Sometimes, I feel like there is no easy way to move forward or that sometimes all my motion is going in circles like in that maternity ward, but the thing is that eventually something happens.
We’re allowed off the couch. A baby is born. A goal is achieved. A puppy bounds through a living room with a chair cushion in his mouth—half chewed, of course.
Things happen.
And we sometimes have to conserve our energy to be able to meet those things.
And we sometimes have to stay in motion because we’re so afraid of stopping because we know what it’s like to be stuck on a couch for months. Maybe we’ve been moored too long and long to be free? Or just want a romp in the backyard?
Here’s the thing: I wanted to start this post with a cool anecdote. I wanted to write “antidote” there, but I resisted.
However, it would work because I’m looking for an antidote for the way I’m feeling about things right this second.
I’m floundering a bit, really. I’ve floundered a bit this past week.
“You’re an ambitious person,” someone said to me on Monday. “You’ve made a newspaper. You’ve never advertised it. Look at the people who read it.”
“Oh. Yeah. But . . . I think if I was ambitious I would have advertised it,” I said. “I’m just too poor and too cheap.”
“You’re ambitious,” they said with one of those super-knowing chuckles. “You just don’t want to admit it.”
“Maybe?” I said because I wasn’t sure what else to actually say, but the truth is that I definitely don’t think of myself as ambitious.
Do you think of yourself that way?
When I think of ambitious I think of hedge funds and Tom Cruise movies, of people with lofty goals, people who run for governor or president, people who want to be a federal judge or a Beyonce or a Tom Brady.
I don’t think of me.
There was a post on a Medium blog yesterday where the writer, Anna Dorn, spent a few paragraphs talking about how she’s always been ambitious and always been suspicious of that ambition, worried that it might not be “a genuine hunger” or if it’s “just a prettier name for insecurity. Maybe I’m just desperate to avoid feeling ordinary.”

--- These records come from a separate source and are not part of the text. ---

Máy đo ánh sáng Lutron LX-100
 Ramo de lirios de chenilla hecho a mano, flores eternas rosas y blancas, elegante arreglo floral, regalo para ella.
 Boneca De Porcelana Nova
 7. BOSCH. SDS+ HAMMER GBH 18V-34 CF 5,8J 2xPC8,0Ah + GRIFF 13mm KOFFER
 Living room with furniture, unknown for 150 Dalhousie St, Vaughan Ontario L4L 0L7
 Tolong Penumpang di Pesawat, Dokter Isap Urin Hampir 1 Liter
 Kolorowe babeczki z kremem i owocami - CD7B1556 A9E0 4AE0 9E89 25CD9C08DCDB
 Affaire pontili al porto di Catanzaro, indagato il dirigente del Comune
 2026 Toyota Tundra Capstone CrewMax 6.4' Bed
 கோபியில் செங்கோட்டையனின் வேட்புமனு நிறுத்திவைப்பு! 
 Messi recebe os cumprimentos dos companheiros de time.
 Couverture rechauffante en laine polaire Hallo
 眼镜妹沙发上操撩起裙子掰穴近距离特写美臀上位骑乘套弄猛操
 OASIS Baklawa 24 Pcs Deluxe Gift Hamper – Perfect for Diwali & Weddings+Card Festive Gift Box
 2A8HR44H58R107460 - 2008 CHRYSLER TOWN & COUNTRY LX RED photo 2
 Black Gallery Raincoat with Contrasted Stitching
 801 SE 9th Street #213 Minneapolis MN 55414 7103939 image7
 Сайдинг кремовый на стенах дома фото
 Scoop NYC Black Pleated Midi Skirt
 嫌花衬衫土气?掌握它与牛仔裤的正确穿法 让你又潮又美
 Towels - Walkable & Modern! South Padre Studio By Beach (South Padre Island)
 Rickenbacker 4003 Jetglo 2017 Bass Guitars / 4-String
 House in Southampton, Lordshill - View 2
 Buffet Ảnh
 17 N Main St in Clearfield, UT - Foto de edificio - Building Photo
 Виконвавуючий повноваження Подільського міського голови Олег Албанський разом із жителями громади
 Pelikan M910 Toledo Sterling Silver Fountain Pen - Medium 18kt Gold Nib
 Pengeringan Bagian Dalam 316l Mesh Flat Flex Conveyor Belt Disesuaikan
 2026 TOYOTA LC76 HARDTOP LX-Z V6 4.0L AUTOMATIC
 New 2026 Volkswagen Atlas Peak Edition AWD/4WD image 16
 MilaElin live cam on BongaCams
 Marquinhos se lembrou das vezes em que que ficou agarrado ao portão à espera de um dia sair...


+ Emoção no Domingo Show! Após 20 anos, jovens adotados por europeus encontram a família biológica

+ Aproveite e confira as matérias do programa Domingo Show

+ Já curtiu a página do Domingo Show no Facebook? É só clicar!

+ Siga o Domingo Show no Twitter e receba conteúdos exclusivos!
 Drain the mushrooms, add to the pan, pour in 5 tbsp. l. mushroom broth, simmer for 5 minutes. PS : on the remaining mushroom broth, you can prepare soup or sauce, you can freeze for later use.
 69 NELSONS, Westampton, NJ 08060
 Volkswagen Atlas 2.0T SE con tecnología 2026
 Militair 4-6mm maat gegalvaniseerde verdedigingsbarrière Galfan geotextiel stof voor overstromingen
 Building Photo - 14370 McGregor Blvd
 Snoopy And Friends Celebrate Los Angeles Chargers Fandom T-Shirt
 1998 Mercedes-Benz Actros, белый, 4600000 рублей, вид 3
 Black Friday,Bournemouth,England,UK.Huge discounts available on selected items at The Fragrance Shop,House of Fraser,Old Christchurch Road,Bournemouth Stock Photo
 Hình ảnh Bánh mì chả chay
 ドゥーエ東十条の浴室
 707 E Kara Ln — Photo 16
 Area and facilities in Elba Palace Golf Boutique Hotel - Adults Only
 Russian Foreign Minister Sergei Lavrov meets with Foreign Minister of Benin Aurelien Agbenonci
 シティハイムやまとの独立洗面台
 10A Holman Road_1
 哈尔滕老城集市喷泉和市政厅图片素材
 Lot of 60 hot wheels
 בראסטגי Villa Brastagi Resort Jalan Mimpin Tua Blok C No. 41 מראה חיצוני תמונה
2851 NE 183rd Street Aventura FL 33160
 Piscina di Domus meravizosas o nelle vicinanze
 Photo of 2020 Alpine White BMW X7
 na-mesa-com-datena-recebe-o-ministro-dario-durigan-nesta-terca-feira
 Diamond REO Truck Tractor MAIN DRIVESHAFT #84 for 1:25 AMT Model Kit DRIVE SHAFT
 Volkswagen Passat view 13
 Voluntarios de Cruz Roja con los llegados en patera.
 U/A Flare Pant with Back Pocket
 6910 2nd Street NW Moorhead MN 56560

I’m going to be honest here and reiterate that I’m not ambitious at all. I want to do a good job at the things I do. I want to be helpful. I want my family to not lose our house or to starve and that sort of thing, but when it comes to ambition?
Meh.
That’s because I know what it’s like to be stuck, to stare at tree limbs, to stay on the couch, to wait and wait and hope for a good outcome when the only proactive thing you can do to get that outcome is to be still, to do nothing, to wait.
There is nothing ambitious about that. That’s about trying to help someone else survive.


Initially, Dorn makes ambition and ordinariness a polarity. You are ambitious or you are ordinary. I think that’s a false dichotomy. I think it’s possible to be both and neither. I actually think in our culture it’s ordinary to be ambitious.
“Physician Charles Black M.D. makes a thoughtful case for ordinariness. He traces our cultural obsession with greatness to the American promise that anyone can achieve anything, and the shame that follows if you don’t. When we equate success with exceptionality, everything else starts to feel like failure. That mindset makes us allergic to the very things that make life feel good: quiet routines, small pleasures, simple relationships. Ordinary isn’t failure, he argues. It’s freedom,” she writes.
There are a lot of people I know who are lovely and who I adore but who spend a lot of their energy striving for influence, to make others think the way they think. They believe in themselves so much that think their way is THE way.
I’m not like that. This has led to me being satirized as milquetoast. And my love of other people’s acts of goodness has led to me being called schmaltzy.
I will hopefully get someone to write that in my obituary: Carrie Jones was mocked as being milquetoast and schmaltzy.
I think it would be cool.
And there are some really gorgeous humans I know who embrace the quiet routines and small pleasures. There is one woman I know here who sent me a message after she saw a photo I took in town. Why? She wanted to tell me that there was a fox family nearby because I might get to see them. She is one of the most gorgeous people I know, this woman. Another woman I know has been sharing and posting the owls living in a tree in her yard—or at least living there. They are sharing their brilliant, beautiful, quiet moments.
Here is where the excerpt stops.